#### Data section:
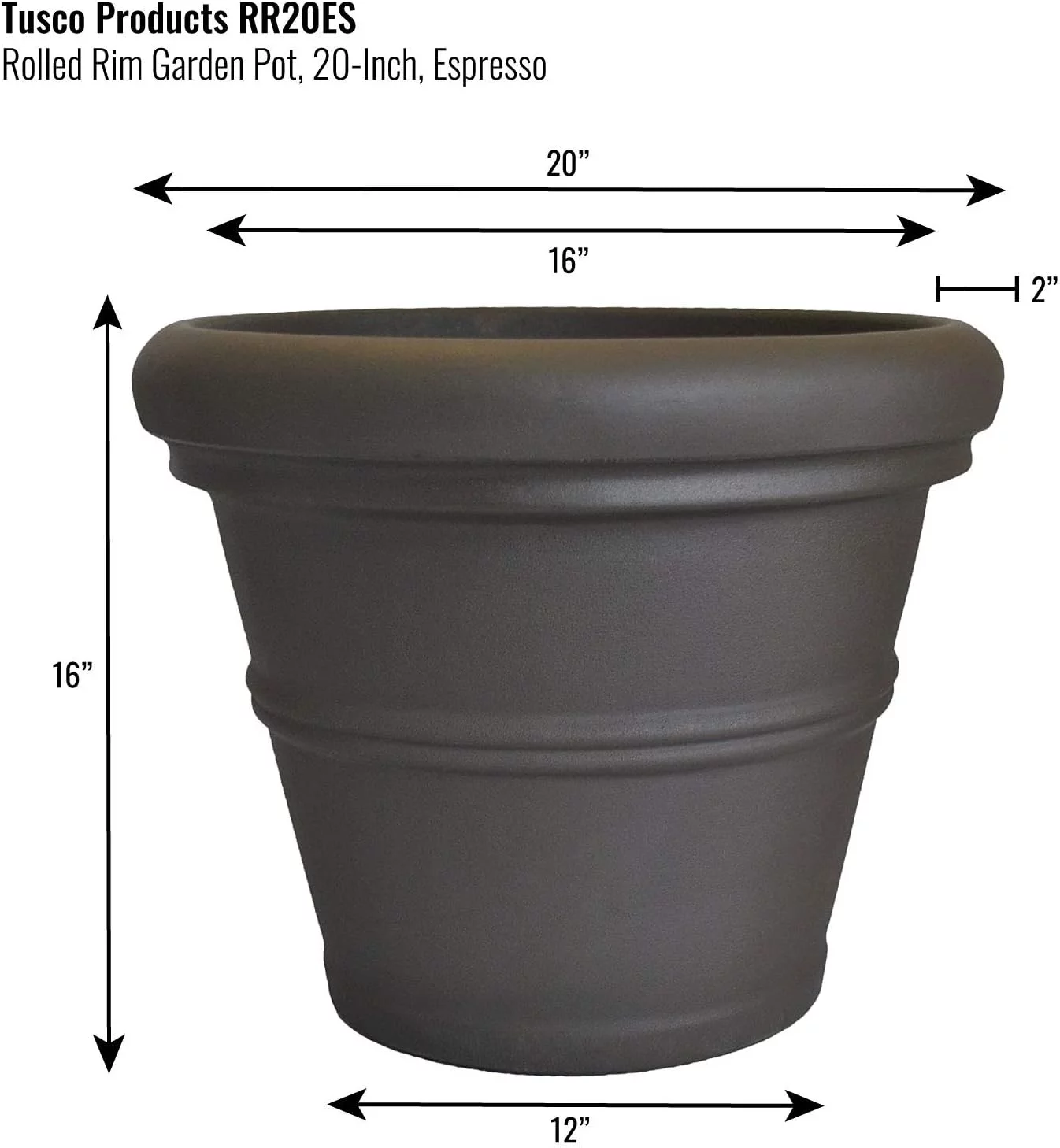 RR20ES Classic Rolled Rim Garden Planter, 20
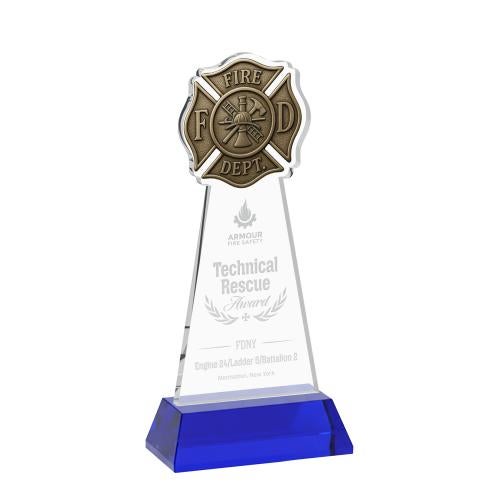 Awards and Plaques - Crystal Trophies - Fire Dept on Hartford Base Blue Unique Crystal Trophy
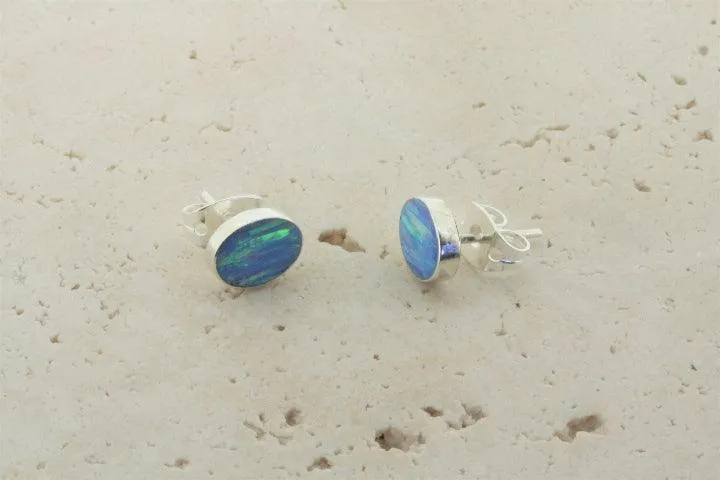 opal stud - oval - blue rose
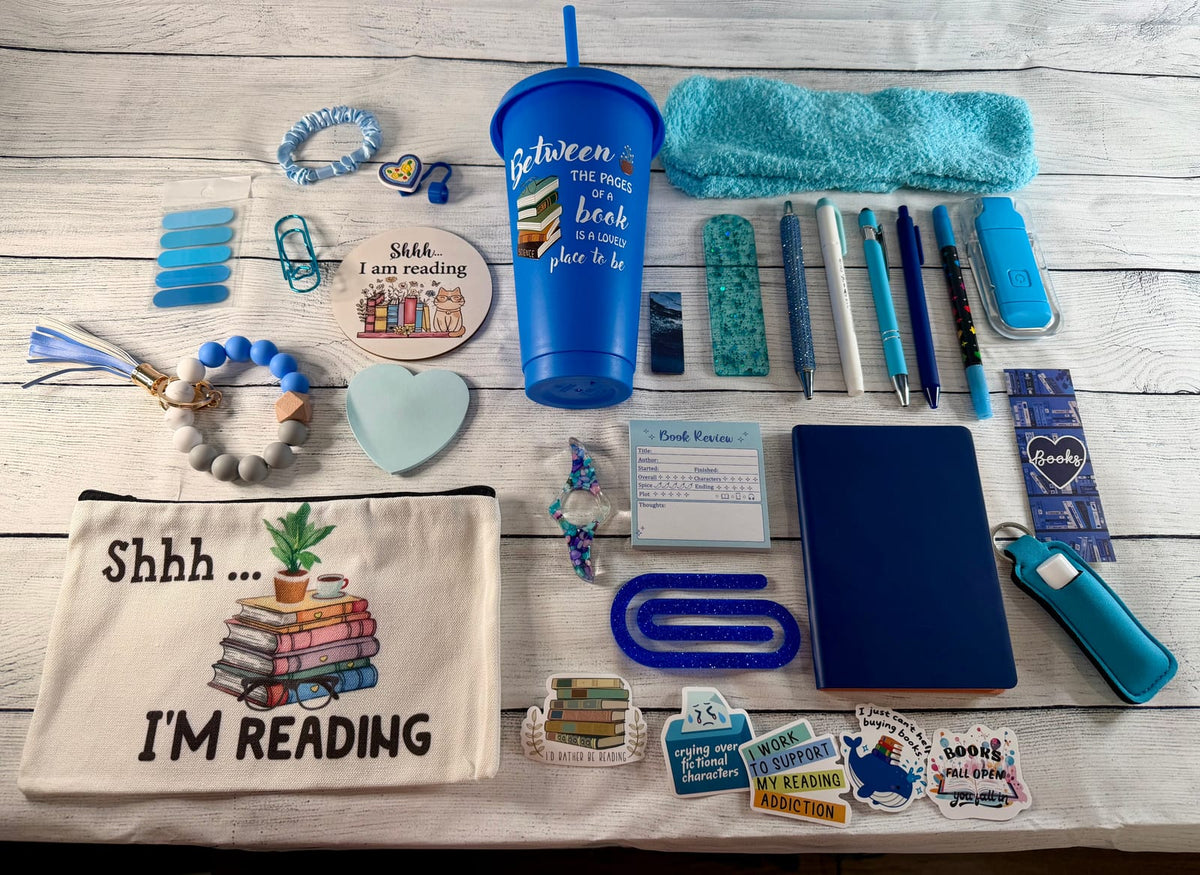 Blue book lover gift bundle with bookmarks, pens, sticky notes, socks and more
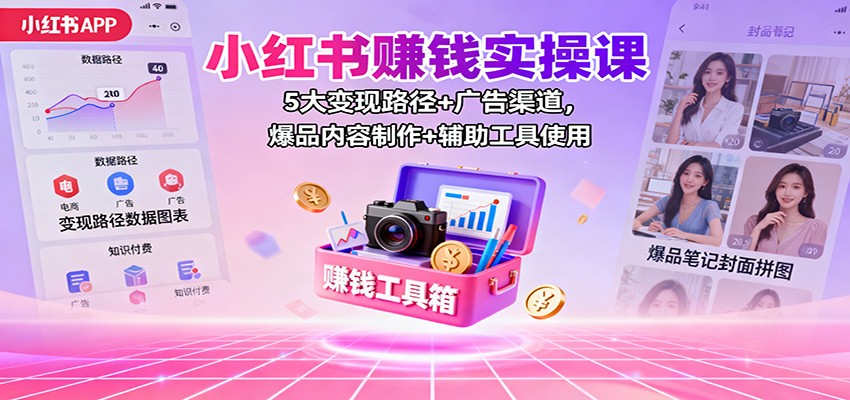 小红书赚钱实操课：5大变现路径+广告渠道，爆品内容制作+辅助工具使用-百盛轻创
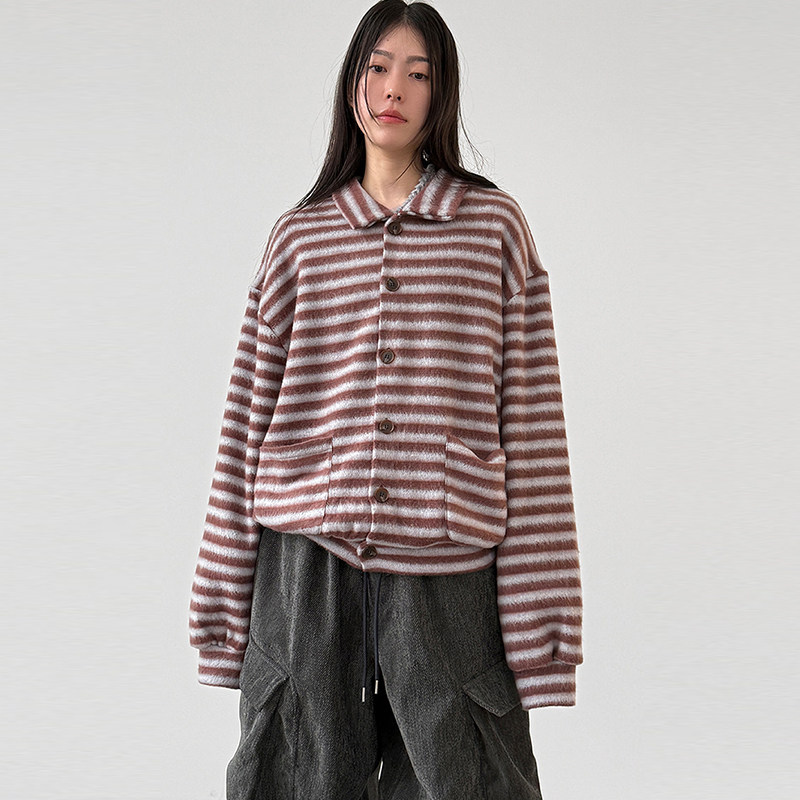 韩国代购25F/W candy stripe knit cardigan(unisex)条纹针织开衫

==

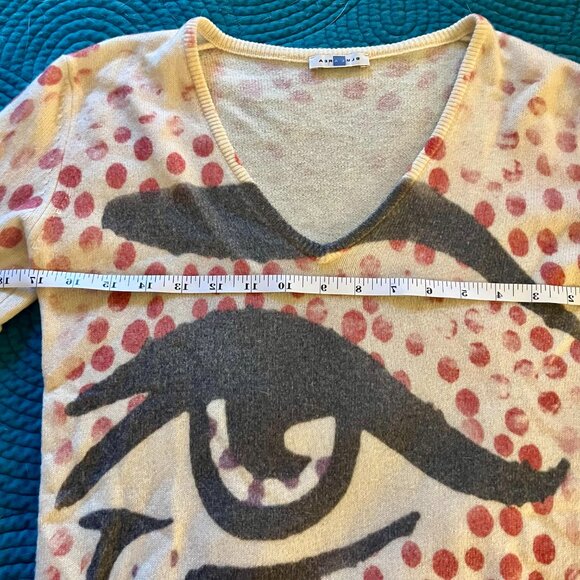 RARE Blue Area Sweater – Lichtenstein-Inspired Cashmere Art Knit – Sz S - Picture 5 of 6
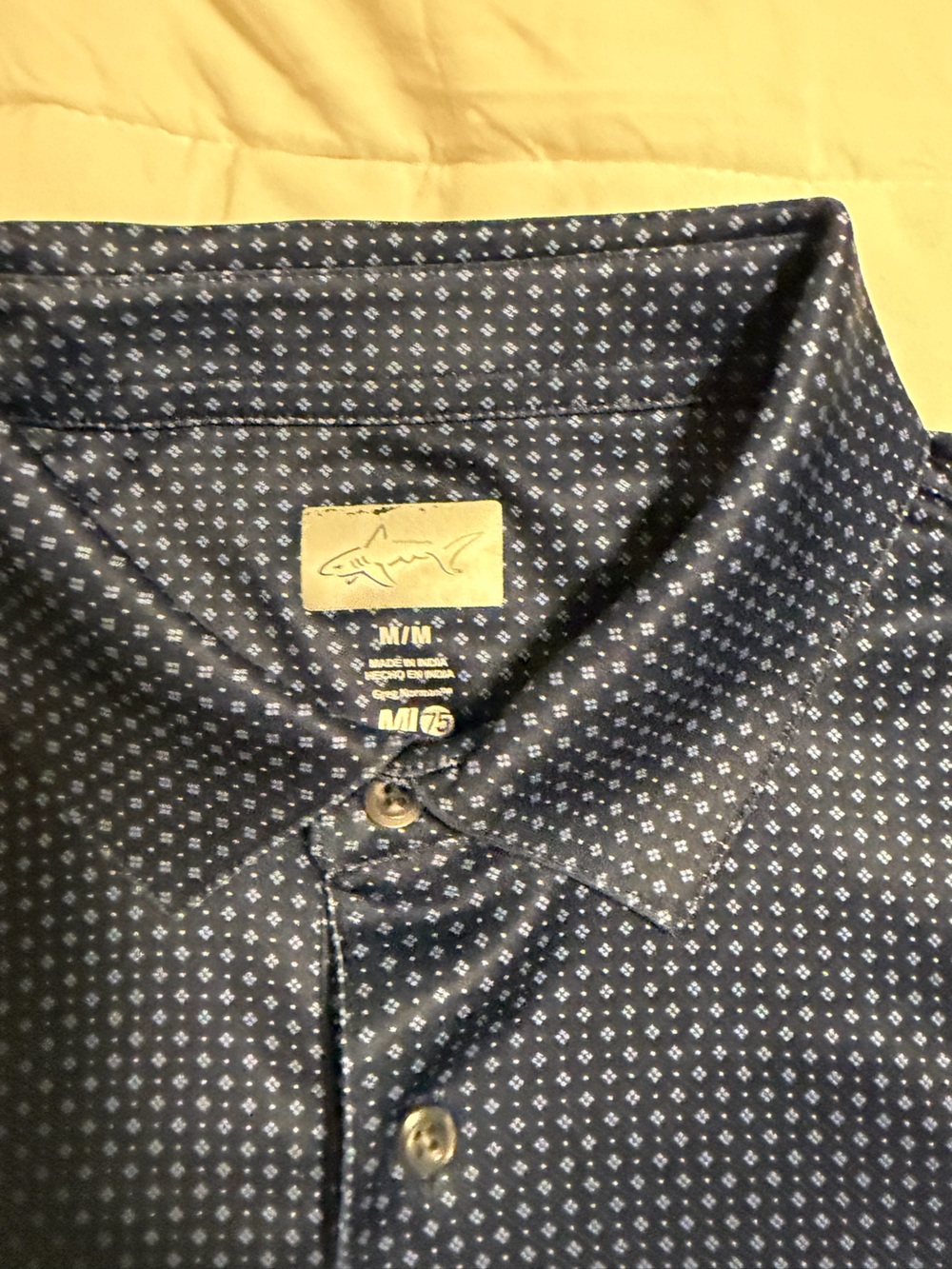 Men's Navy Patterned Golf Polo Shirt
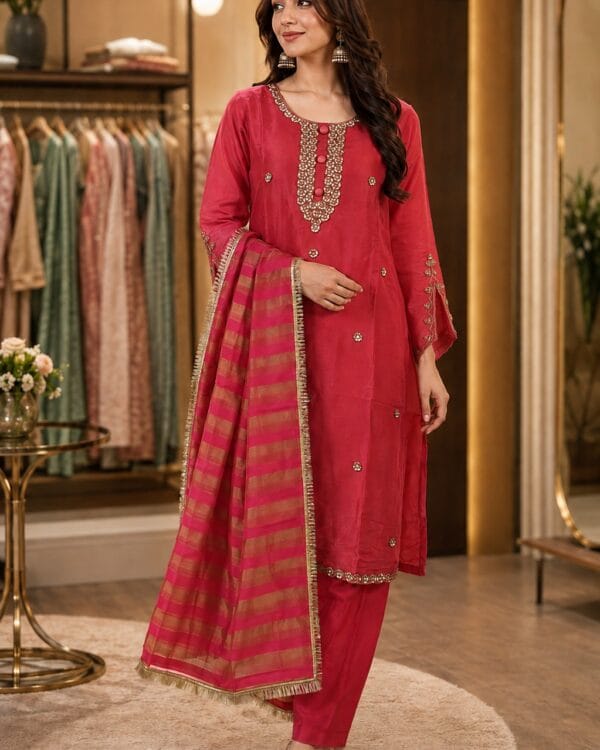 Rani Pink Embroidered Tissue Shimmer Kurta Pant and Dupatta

#### Problem:
Give again the lines of the listing above that run from the one with "RR20ES Classic Rolled Rim Garden Planter, 20" up to and including the one with "韩国代购25F/W candy stripe". Keep them exact and omit the pictures.

#### Response to this task:
 RR20ES Classic Rolled Rim Garden Planter, 20
 Awards and Plaques - Crystal Trophies - Fire Dept on Hartford Base Blue Unique Crystal Trophy
 opal stud - oval - blue rose
 Blue book lover gift bundle with bookmarks, pens, sticky notes, socks and more
 小红书赚钱实操课：5大变现路径+广告渠道，爆品内容制作+辅助工具使用-百盛轻创
 韩国代购25F/W candy stripe knit cardigan(unisex)条纹针织开衫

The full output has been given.